Side effects of MHCs include weight gain, acne, and changes in mood. These side effects are typical of hormone-based therapies.
Gossypol, a yellow pigment extracted from the roots, seeds, and stems of the cotton plant, has been used in China, African, and Brazil as a male contraceptive. Cotton root was also used as folk medicine in the American South to treat menstrual pain and to induce abortions. The chemical destroys the lining of tubules in the testicles where sperm are produced, thereby inhibiting their formation. A 2000 Brazilian study reported that a male oral contraceptive derived from gossypol suppressed sperm production within up to 16 weeks. In men who were taking lower doses, sperm production returned in most of them within a year after they stopped taking the contraceptive. Gossypol does not appear to reduce sexual desire or frequency of intercourse. In about 20% of men, sperm production does not come back, so it should be considered as potentially permanent birth control. It also may not be effective in some men, since small numbers of sperm may survive. Researchers are investigating gossypol-derived compounds that may have less toxicity. No one should take any so-called natural gossypol product without consulting their doctors.

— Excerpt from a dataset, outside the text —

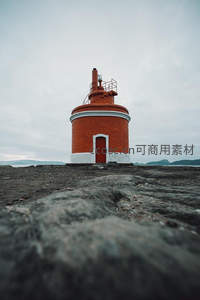 低角度仰拍橙色灯塔，岩石质感粗犷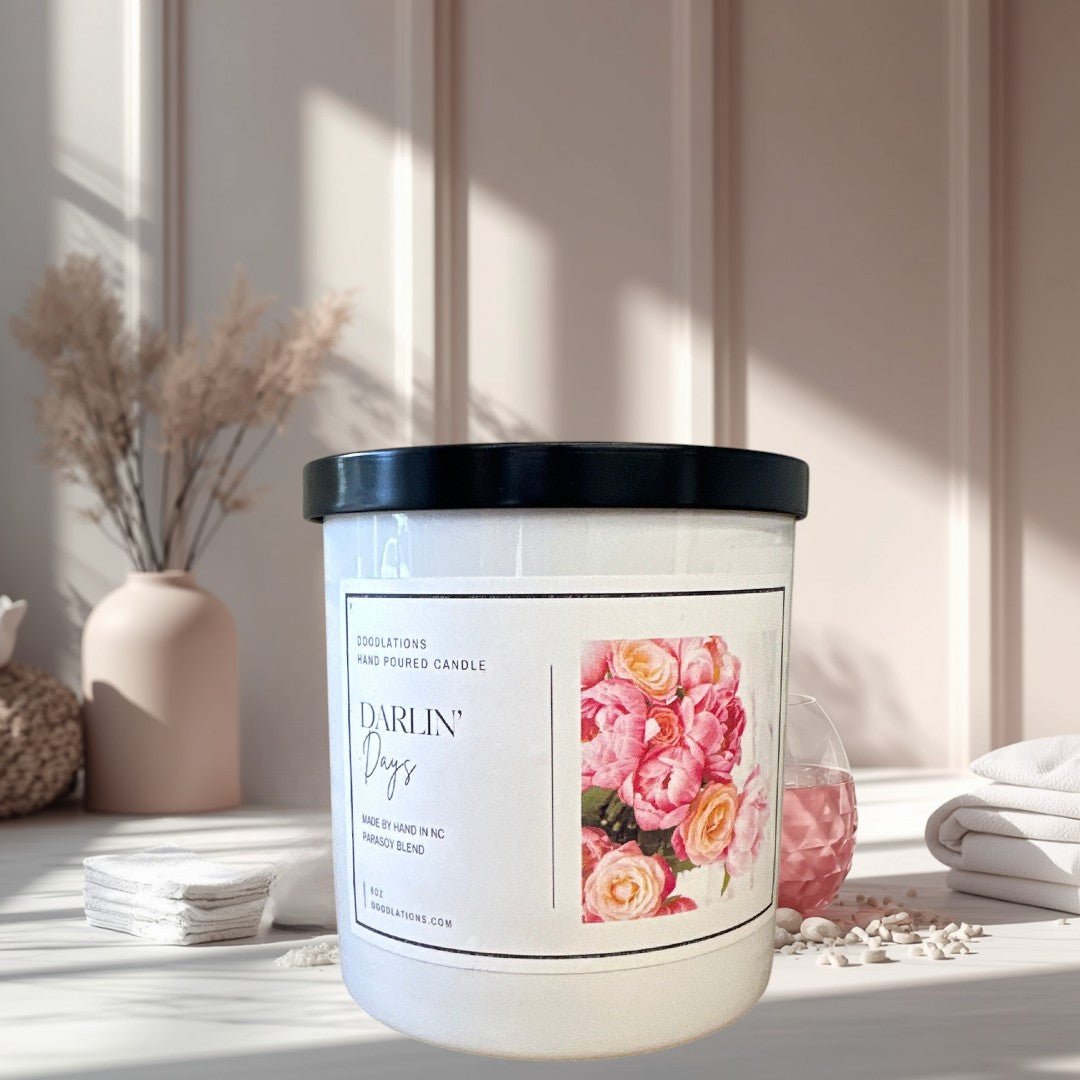 Doodlations Darlin' Days hand-poured soy blend candle with a floral label and black lid.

Researchers are investigating procedures that block sperm flow in the vas deferens using various drugs or materials that are reversible. One promising method is called Reversible Inhibition of Sperm Under Guidance (RISUG). RISUG is a non-hormonal contraceptive that uses a polymer gel. The gel is injected into the vas deferens, where it coats the vas deferens’ inner walls and kills sperm. The gel can be injected through the skin (“percutaneously”) or by using the no-scalpel vasectomy technique of making a tiny hole in the skin. The procedure takes around 10 - 15 minutes to perform, and men can resume sexual activity within a week.

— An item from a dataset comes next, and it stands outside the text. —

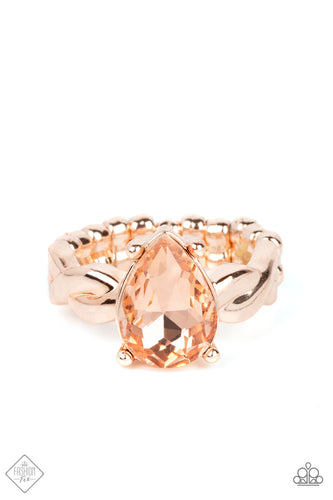 A luxurious peach teardrop gem sits regally atop a twisted rose gold band, creating a stunning centerpiece atop the finger. Features a dainty stretchy band for a flexible fit.  Sold as one individual ring.  New Kit Fashion Fix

The effects of RISUG are long-lasting. Studies indicate that a single injection can provide contraceptive effect for 10 years or more. It is also easily reversible. When a man wishes to discontinue the contraceptive, the gel is removed by flushing the vas deferens with a solvent. The major side effect so far has been a temporary swelling of the scrotum following the injection.
RISUG is mostly being investigated in human trials in India. American researchers are also interested in investigating RISUG, but animal studies need to be conducted first. It will be several years before any human trials are started in the U.S.

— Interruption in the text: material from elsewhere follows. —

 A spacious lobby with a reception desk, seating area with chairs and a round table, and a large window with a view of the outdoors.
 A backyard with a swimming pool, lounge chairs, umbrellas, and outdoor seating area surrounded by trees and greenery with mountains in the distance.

The intra vas device (IVD) is an investigational non-hormonal contraceptive that uses tiny silicone plugs to block sperm from traveling through the vas deferens. The plugs are surgically inserted into the vas using the no-scalpel vasectomy procedure. In 2006, the FDA granted approval to expand human trials of the IVD in several U.S. cities.
Unlike hormonal contraceptives, the IVD does not cause side effects like weight gain and acne. But researchers are still figuring out how to make this contraceptive method reversible.